"You are ugly now, on the inside, where it matters most...you are beastly."Beastly is my second read from Alex Flinn, which I picked up after enjoying Cloaked but not quite finding the magic in it that Flinn has become known for. Since Beastly is her most famous book, and also due to the upcoming release of the film version, I decided to give it a try.
As the title would indicate, this is a retold contemporary version of the fairy tale Beauty and the Beast, told from the perspective of the Beast. In this case the Beast is Kyle Kingsbury, a attractive and overly confident ninth grade boy transformed by a witch attending his highschool when he plays a cruel joke on her. When Kyle's father, a news anchor, is unable to find a cure for his son's new ugliness he sends him away to a Brooklyn mansion with blinds on all the windows and cameras at the doors. Exiled, Kyle's only companions are a housekeeper, Madga, and a blind tutor, Will. The only chance Kyle has of breaking the curse is kissing a girl who he loves, and who loves him, before two years have passed- but it's hard to find true love when you look like a beast.
Flinn's writing is straightforward but enjoyable to read, and I felt she did a realistic job of letting the reader into the teenage world, particularly when it comes to the unfortunate meanness with which popular kids can sometimes treat outsiders. I particularly enjoyed Kyle's internal dialogue, especially at the beginning of the book when he is still attractive and Flinn lets you in on his cruel thoughts. Unfortunately there were a few aspects of the story that didn't work that well for me. The idea of a girl imprisoned by a beast might work in traditional fairytales but when you put a contemporary spin on it, oftentimes it just came across a little creepy for my taste.

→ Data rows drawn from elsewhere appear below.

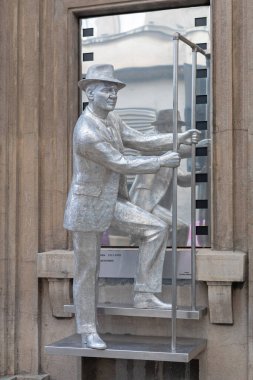 Belgrad, Sırbistan - 12 Aralık 2018: Sırbistan 'ın Belgrad kentindeki Film Müzesi Binasında Karl Mladen Sekuloviç' in Gümüş Heykeli Ünlü Hollywood Aktörü,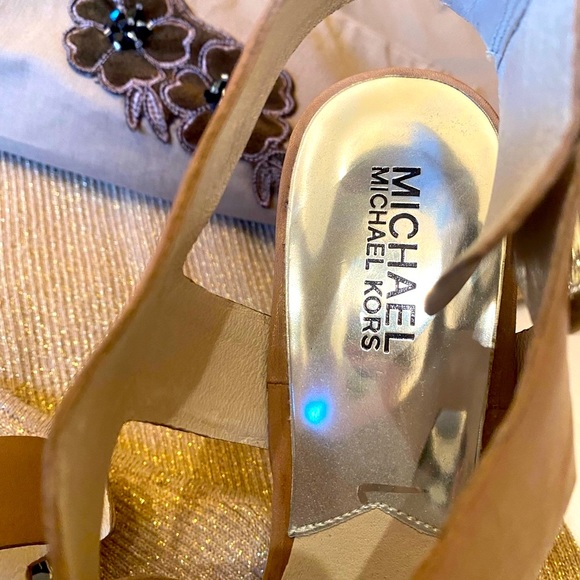 🌸HP2X🎉SO CUTE🌸🌟Michael KORS 👡 the Carla Leather High Heeled Platform Heels - Picture 4 of 16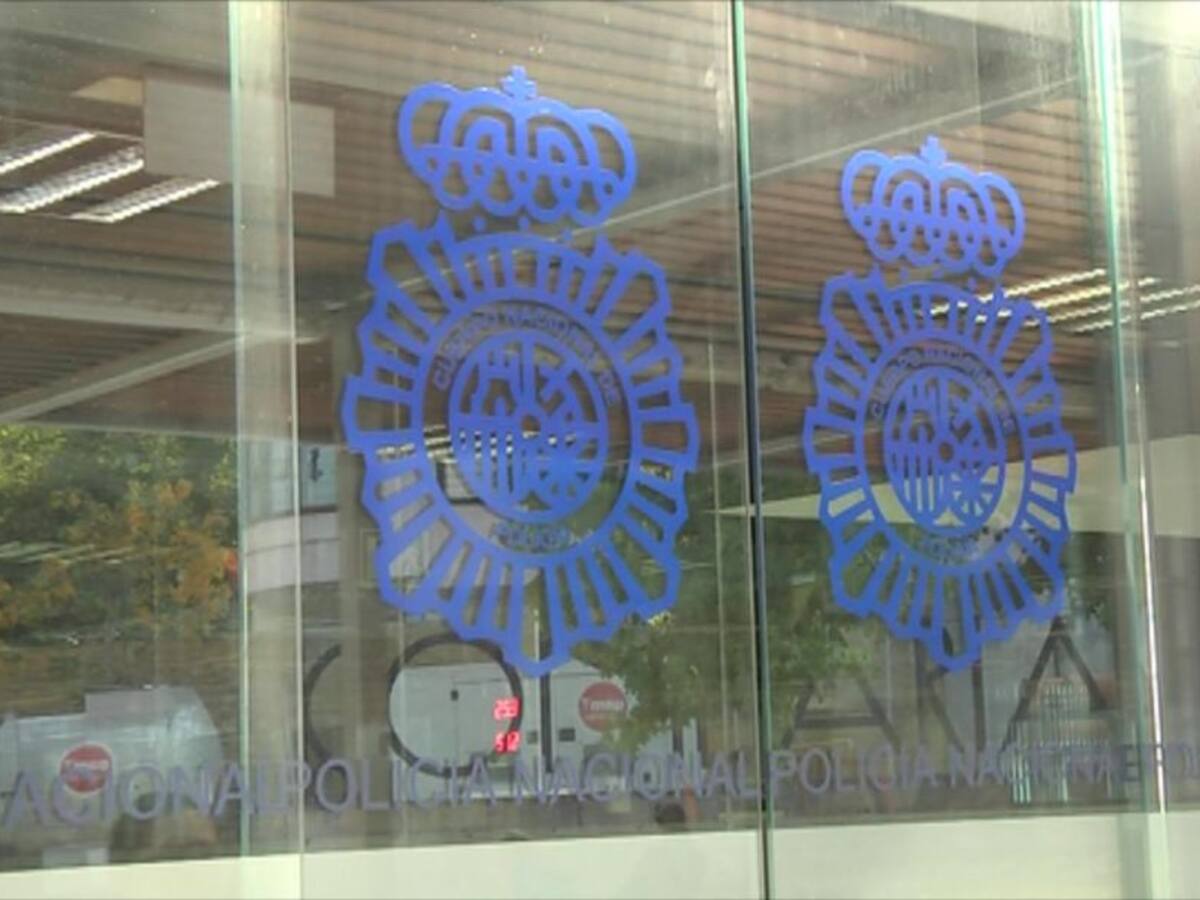 Detenido tras pelearse con unos vigilantes de seguridad para robar en un área comercial de Vigo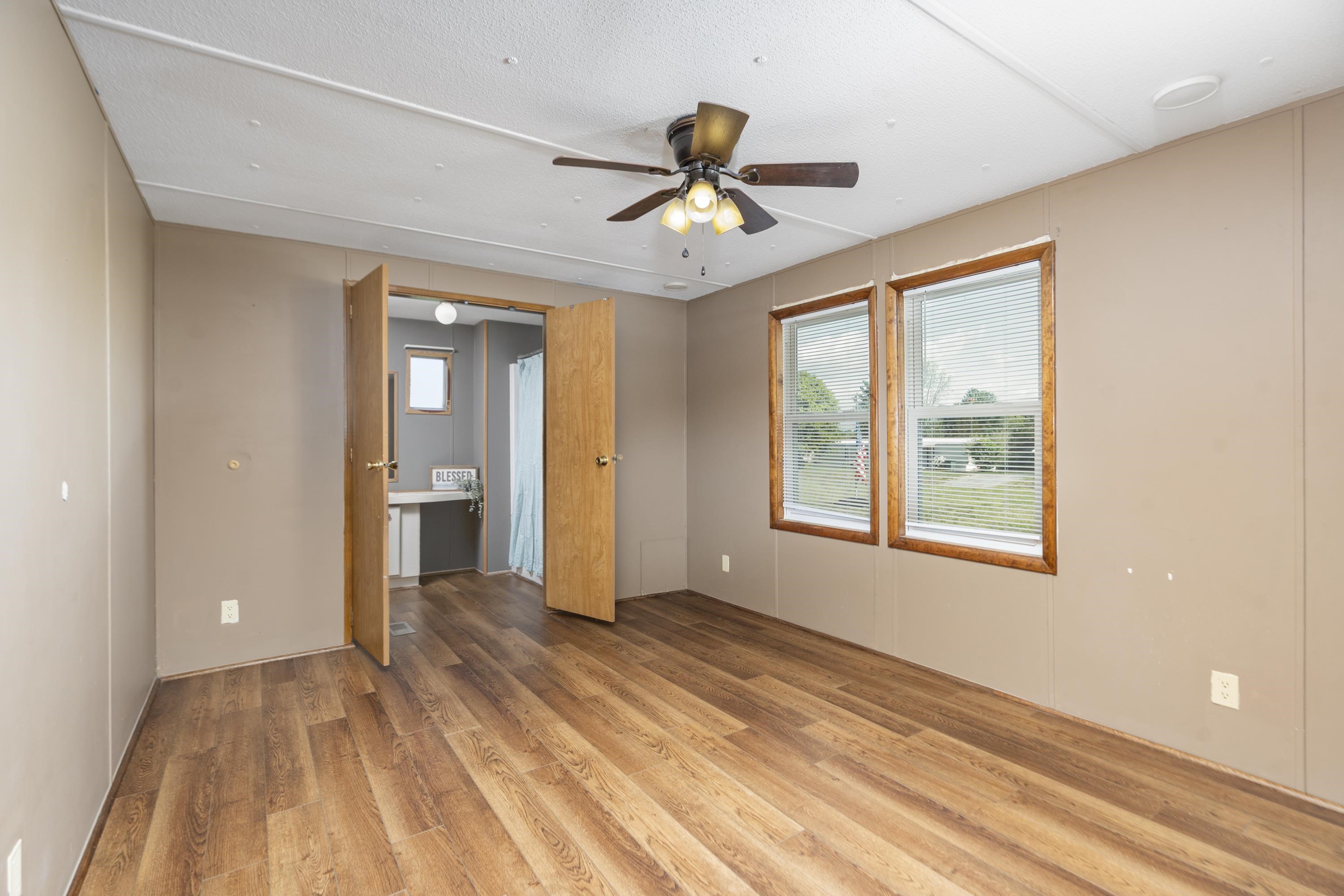 101 THOROFARE RD, WAYNESBORO, Virginia 22980, 3 Bedrooms Bedrooms, ,2 BathroomsBathrooms,Residential,101 THOROFARE RD,676122 MLS # 676122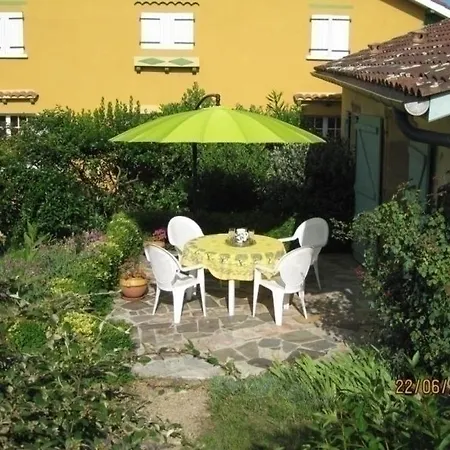 House Maison Pedarbou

It also got pretty strange when Kyle begins to speak like he's in an Austen novel, although even he recognizes it,
"Who dares disturb my roses?"And although I realize Kyle, who renames himself Adrian because it means darkness, is pretty isolated from the world for most of the book, he still speaks to Madga, Lindy and Will and I would have thought that would be enough to keep him speaking normally especially since it doesn't seem to happen to any of the other characters.
Why did I say that"
While Cloaked weaves together many different fairy tales, Beastly focuses on one, which allows Flinn to tell that story well. Kyle isn't totally alone in his transformation though, as at several points throughout the book Flinn includes excerpts from a chat group for individuals who have been transformed, including such familiar beings as the Frog Prince and Little Mermaid. These chats were a great way to add to the contemporary spin on the story, and I enjoyed reading them. However, the novel as a whole doesn't really add a whole lot that new to the fairytale and it really is just an updated version of it. Even the one aspect that Flinn does change is really predictable from the beginning of the book so that I wasn't at all surprised when it was revealed.
Overall, Beastly provides a cute, easy-to-read story, and although like Cloaked, I would tend to recommend Flinn's simplistic writing style for younger readers, there is some innuendo involved in the book as well as darker themes that make me wonder who exactly the intended audience of the book is, but personally I'd mostly recommend the novel to young teens. Ultimately, though, Beastly is an enjoyable light read with an important message and although it doesn't provide the original take on the story I was hoping for, it is a fun contemporary telling of a classic love story.